### Assigned task
Every line of the material below in which "button" shows up is to be located and copied.

### Entries provided
_ _ _ _ _

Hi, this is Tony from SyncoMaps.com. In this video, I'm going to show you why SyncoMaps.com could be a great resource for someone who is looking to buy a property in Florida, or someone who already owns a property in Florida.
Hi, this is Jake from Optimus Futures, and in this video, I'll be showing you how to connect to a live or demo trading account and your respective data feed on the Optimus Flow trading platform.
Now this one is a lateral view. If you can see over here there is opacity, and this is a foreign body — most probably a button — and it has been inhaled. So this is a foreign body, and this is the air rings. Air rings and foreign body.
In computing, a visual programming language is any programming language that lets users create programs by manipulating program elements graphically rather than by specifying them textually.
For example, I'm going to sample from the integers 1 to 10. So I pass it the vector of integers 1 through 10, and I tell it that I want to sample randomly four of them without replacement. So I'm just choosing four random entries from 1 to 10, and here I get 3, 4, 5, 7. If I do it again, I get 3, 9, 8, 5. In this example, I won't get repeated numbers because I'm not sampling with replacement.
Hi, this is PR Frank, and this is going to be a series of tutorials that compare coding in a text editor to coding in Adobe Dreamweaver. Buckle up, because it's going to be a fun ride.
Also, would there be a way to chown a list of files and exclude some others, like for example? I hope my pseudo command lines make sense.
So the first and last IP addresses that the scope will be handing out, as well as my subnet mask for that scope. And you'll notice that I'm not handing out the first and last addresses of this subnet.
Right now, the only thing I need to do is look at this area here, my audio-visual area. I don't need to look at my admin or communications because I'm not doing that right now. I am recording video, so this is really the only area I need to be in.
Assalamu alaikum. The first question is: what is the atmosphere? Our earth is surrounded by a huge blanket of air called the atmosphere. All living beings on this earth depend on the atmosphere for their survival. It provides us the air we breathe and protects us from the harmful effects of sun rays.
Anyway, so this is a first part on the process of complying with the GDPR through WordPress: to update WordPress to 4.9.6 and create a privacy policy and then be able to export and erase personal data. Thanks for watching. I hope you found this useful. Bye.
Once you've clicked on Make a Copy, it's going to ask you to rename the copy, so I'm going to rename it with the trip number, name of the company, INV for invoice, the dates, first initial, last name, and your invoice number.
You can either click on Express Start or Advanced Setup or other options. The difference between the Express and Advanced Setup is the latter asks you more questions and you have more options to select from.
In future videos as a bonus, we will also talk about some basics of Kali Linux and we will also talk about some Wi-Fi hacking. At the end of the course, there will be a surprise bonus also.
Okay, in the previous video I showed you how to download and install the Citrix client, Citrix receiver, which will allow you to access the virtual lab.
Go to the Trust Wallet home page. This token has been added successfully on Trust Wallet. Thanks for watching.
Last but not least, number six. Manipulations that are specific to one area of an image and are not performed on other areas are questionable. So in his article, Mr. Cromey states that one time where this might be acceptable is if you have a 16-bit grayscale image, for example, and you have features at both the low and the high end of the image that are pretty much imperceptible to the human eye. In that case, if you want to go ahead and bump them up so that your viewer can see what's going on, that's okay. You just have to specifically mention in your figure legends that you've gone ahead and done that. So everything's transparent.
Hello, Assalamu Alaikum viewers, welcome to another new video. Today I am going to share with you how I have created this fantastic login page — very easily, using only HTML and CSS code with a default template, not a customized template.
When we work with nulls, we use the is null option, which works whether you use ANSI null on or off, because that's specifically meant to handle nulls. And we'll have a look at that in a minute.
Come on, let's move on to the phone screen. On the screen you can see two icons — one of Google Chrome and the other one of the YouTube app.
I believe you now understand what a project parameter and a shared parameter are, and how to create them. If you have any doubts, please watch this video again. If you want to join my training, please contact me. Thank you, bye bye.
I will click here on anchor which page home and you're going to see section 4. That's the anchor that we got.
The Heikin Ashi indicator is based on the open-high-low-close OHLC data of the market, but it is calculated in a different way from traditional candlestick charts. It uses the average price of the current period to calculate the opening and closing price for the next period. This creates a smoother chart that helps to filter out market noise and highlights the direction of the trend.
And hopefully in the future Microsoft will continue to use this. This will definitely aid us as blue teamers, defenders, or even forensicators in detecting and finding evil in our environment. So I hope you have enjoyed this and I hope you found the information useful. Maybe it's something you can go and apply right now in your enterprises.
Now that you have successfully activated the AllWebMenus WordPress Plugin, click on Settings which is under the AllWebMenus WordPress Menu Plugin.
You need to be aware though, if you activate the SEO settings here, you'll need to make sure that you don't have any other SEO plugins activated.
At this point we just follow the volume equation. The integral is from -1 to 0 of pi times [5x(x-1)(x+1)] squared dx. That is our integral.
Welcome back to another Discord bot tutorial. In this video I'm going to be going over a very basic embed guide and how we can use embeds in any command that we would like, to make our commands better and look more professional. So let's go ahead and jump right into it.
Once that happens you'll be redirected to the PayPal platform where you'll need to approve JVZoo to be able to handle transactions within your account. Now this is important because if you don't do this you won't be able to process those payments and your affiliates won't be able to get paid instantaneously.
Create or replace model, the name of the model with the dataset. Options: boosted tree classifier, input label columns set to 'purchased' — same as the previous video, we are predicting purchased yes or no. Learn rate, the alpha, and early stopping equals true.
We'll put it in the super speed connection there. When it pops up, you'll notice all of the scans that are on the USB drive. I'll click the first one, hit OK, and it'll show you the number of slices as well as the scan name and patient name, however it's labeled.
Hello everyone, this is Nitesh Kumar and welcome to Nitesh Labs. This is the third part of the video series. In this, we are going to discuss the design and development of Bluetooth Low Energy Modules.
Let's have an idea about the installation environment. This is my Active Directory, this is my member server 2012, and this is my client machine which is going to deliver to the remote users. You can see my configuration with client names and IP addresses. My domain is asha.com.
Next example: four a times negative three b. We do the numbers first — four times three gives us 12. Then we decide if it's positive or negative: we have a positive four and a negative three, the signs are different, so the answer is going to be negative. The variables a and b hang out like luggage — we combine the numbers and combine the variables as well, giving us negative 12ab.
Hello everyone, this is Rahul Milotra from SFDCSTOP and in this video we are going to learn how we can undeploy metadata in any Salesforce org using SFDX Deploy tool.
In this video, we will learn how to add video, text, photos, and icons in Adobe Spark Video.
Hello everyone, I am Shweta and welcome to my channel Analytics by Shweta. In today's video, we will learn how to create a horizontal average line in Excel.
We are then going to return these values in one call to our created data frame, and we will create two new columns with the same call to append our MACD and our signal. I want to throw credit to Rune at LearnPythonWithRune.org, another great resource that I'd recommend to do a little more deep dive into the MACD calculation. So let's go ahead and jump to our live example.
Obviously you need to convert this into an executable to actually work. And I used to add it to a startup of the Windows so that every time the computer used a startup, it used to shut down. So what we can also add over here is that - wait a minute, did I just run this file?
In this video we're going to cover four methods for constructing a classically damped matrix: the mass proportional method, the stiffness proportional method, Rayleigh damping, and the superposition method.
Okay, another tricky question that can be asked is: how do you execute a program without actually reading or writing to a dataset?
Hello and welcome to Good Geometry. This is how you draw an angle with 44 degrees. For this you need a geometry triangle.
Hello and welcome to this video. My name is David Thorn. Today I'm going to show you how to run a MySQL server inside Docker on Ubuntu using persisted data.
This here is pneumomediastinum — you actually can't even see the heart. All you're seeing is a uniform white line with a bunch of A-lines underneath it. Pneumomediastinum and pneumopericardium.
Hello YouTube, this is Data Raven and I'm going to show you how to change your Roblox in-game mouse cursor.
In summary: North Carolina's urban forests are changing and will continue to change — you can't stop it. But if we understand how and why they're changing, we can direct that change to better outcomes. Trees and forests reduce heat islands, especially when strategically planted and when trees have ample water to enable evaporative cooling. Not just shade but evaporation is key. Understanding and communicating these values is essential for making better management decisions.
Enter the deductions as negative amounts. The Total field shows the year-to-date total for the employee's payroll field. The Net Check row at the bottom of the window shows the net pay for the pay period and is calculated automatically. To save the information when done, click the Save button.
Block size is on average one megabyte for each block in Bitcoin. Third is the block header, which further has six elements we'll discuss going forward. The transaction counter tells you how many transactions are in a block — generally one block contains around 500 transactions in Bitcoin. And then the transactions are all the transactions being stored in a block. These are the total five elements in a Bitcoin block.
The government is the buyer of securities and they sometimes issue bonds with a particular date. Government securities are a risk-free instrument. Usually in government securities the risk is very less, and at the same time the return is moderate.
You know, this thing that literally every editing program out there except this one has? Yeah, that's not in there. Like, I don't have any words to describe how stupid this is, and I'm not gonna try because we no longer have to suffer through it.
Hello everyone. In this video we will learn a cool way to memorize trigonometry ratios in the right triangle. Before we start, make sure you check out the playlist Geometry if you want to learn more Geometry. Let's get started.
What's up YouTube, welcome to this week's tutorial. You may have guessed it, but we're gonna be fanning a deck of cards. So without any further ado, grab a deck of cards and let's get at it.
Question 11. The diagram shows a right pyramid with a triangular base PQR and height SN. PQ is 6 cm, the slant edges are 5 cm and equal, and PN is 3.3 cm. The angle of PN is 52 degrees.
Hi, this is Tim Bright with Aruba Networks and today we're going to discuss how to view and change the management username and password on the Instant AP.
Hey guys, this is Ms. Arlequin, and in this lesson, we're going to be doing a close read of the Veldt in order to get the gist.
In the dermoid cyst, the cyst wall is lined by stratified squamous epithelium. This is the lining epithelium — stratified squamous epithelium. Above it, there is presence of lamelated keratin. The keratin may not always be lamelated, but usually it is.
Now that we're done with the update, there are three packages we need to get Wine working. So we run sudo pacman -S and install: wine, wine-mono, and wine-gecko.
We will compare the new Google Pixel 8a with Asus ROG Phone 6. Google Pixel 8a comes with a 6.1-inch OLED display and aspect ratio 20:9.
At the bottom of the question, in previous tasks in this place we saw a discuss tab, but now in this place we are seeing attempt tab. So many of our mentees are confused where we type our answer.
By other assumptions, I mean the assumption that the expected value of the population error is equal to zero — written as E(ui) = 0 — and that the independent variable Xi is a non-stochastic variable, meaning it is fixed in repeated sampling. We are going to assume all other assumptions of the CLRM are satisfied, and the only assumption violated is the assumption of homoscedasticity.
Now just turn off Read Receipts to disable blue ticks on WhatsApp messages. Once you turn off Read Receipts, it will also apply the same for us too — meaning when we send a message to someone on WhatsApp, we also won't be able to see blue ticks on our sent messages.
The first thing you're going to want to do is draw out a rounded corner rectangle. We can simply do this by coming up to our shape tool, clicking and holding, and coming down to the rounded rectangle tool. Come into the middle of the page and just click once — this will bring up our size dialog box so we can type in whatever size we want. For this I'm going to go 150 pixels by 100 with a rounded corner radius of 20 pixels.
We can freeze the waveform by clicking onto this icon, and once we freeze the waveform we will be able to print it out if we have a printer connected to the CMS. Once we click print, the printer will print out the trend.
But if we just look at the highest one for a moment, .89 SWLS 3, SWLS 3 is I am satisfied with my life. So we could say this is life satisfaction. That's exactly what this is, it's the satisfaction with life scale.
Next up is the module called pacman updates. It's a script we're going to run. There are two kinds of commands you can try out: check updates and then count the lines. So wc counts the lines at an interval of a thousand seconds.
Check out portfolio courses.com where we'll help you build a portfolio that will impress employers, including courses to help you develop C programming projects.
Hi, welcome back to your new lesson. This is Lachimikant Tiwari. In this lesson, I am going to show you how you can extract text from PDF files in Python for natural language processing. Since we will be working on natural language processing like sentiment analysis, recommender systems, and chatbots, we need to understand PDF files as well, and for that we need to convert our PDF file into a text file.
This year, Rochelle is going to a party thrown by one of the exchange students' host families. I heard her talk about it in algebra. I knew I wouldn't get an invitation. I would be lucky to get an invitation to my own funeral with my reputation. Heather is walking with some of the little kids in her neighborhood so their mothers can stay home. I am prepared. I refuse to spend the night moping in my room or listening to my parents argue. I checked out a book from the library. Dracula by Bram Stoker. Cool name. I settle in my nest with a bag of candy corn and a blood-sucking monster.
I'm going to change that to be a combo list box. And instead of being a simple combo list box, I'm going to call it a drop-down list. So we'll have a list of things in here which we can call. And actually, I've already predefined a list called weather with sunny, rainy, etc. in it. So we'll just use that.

_ _ _ _ _

### Solution
Now this one is a lateral view. If you can see over here there is opacity, and this is a foreign body — most probably a button — and it has been inhaled. So this is a foreign body, and this is the air rings. Air rings and foreign body.
Enter the deductions as negative amounts. The Total field shows the year-to-date total for the employee's payroll field. The Net Check row at the bottom of the window shows the net pay for the pay period and is calculated automatically. To save the information when done, click the Save button.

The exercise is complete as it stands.